Jo Swinson says sorry for voting with Tories in favour of austerity
The leader of the Liberal Democrats says she is sorry for her voting record on austerity, and that she deeply regrets supporting the bedroom tax.
In an interview with Metro.co.uk, when asked if she regretted her support for austerity policies while she was a minister in the coalition government with the Conservative Party, Jo Swinson said she accepted the her party didn’t win every battle and that she thinks the bedroom tax was totally the wrong thing to do.
She said: ‘I don’t think we got everything right.
‘I absolutely regret that we didn’t win more battles in coalition.’
When asked why she personally didn’t vote against the policies at the time, Ms Swinson said it was because of ‘collective ministerial responsibility that she was unable to’.
In a wide ranging interview with Metro.co.uk, Ms Swinson also denied any wrongdoing by the party after claims made by OpenDemocracy that the Liberal Democrats ‘sold voter data to the Remain campaign in 2016 for almost £100,000’, while Tim Farron was leader.
It is alleged that the party sold the data to the Britain Stronger in Europe campaign .
Ms Swinson said she ‘categorically denied’ there was any wrongdoing.
She said: ‘What was done, was that voting lists that we have access to, the campaign operation have access to, we basically processed that data.

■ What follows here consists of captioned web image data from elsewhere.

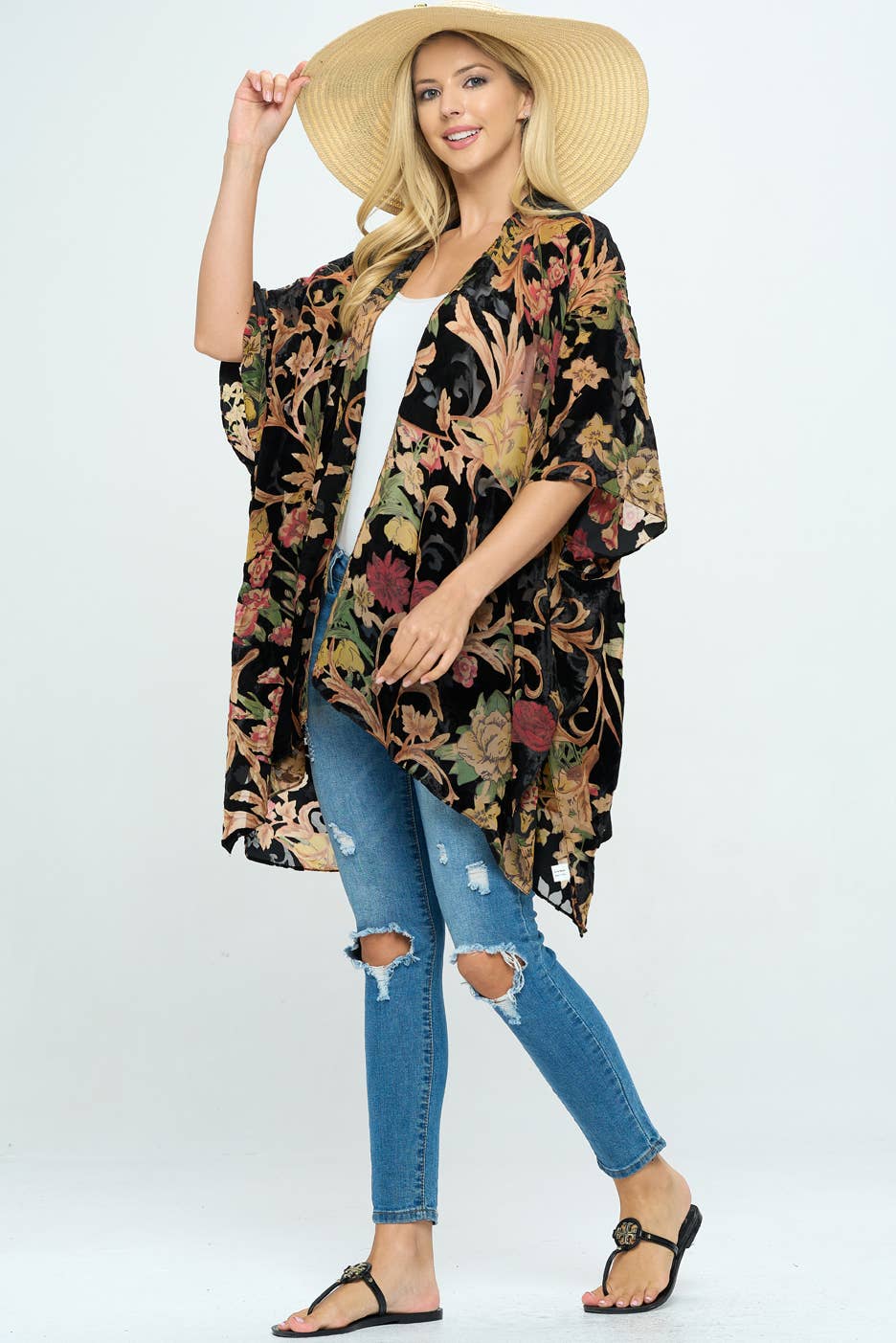 Floral Print Velvet Kimono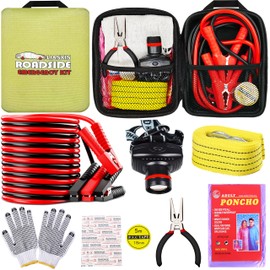 LIANXIN Car Emergency Roadside Tool Kit, Auto Emergency Kits Vehicles, with Jumper Cables kit，Car Safety Roadside Assistance Kit,Headlamp,Tow Straps,Needle Nose Pliers,Rainwear,Gloves.Matcha Green
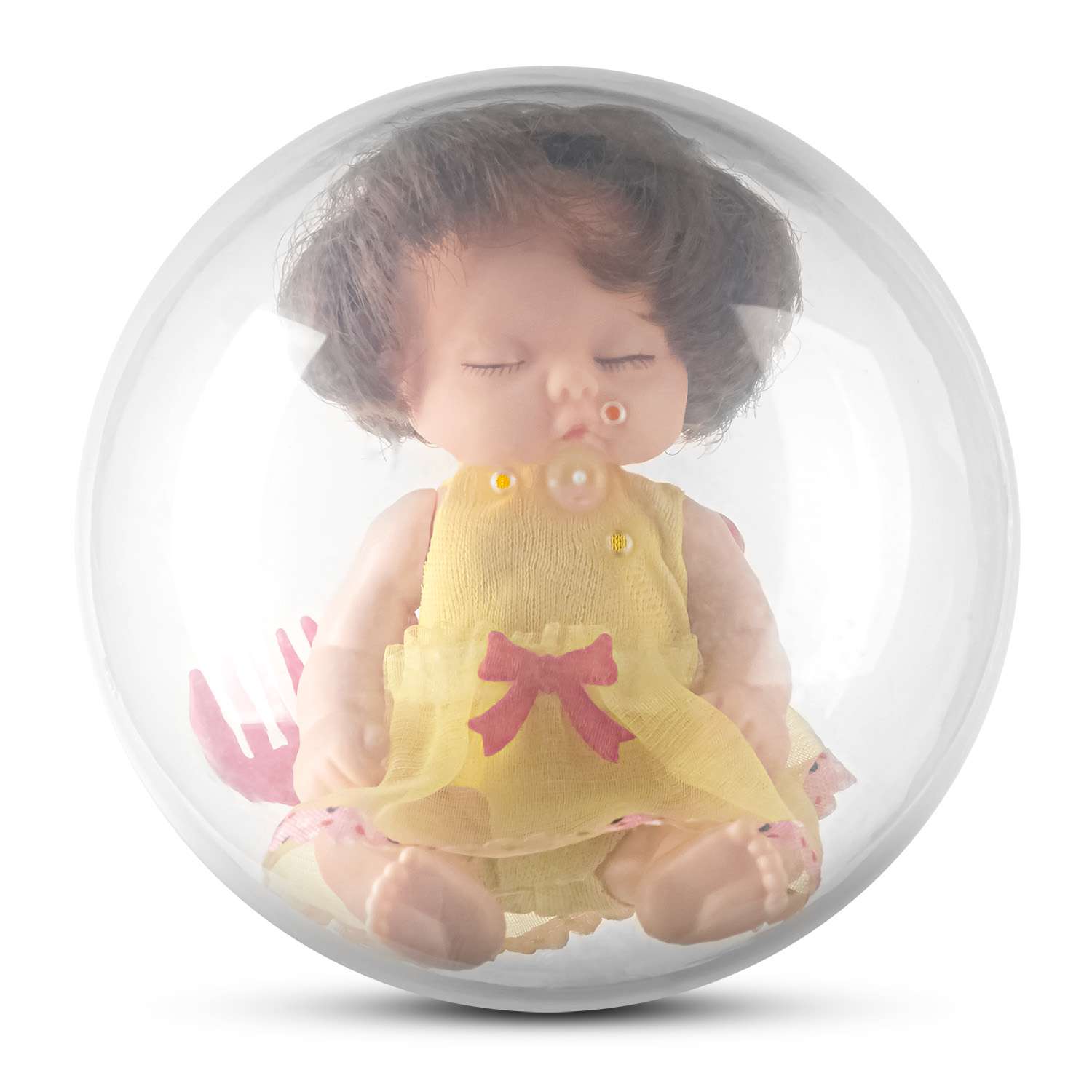 Кукла-младенец DollyToy с расчёской 11.5 см в шаре желтый DOL0804-114//желтый - фото 2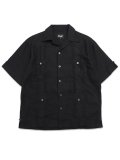 【送料無料】SCHOTT LINEN GUAYABERA SHIRT BLACK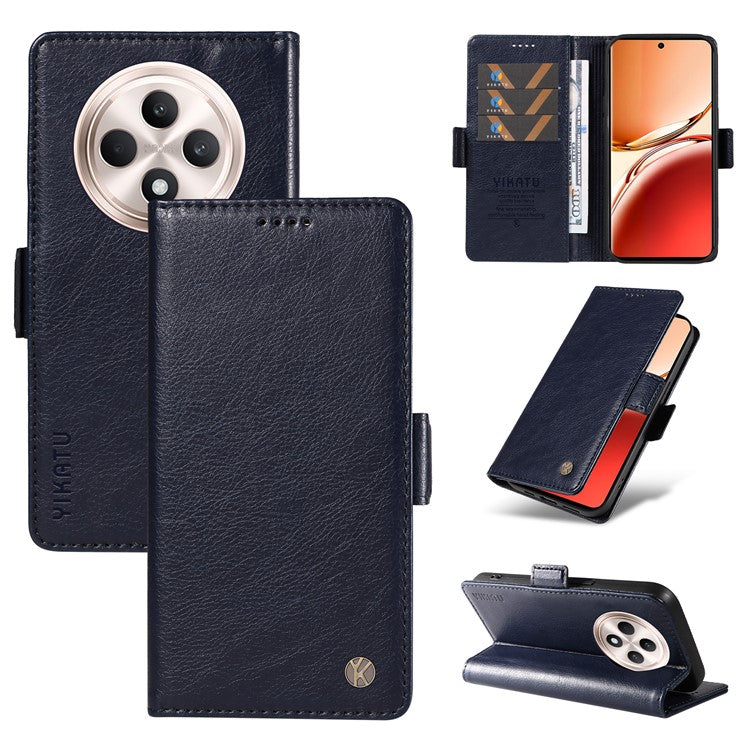 YIKATU YK-007 For Oppo Reno12 F 4G Case PU Leather Matte TPU Inner Shell Phone Cover Litchi Texture - Navy Blue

Ms Swinson added: ‘It was not selling individual’s data’.
The Lib Dem leader also conceded it was unlikely she would be prime minister, after successive polls showed the party’s support falling, saying ‘it was a job she would love to do’, but that ‘under current circumstances’ it didn’t look like happening.
Challenged on claims that her party had produced ‘misleading and deceptive’ leaflets designed to look like ‘local newspapers’, after giving campaign literature names such as Streatham Brixton, Ms Swinson insisted there was no attempt to ‘mislead’.
The MP for East Dunbartonshire said it was producing engaging content in the style of a newspaper and ‘different people liked reading different sorts of things’.
She refused to say whether she would resign as leader of the party, even in the event it lost seats, saying: ‘I’m continuing as Liberal Democrat party leader’.
Ms Swinson added she had been elected as leader by a significant majority of party members, with more members than the party has ever had before.
Asked about addressing the BAME pay gap, she said that she would support the mandatory publication of BAME pay gap figures for big companies and that many had got ‘complacent’ over the scale of the inequality.
However, Ms Swinson stopped short of calling for an outright ban on unpaid internships, saying they had to be looked into in further detail and that she supported naming and shaming employers who didn’t pay the minimum wage.
She added that in many cases unpaid internships were in ‘breach of minimum wage laws’.
On Brexit the Lib Dem leader said she refused to accept the argument that cancelling the result of the referendum for which 17.4 million people voted for, would be undemocratic.
Ms Swinson said that the party had been very clear where it stood on the issue and should it win the election, that would give it a democratic mandate to stop Brexit.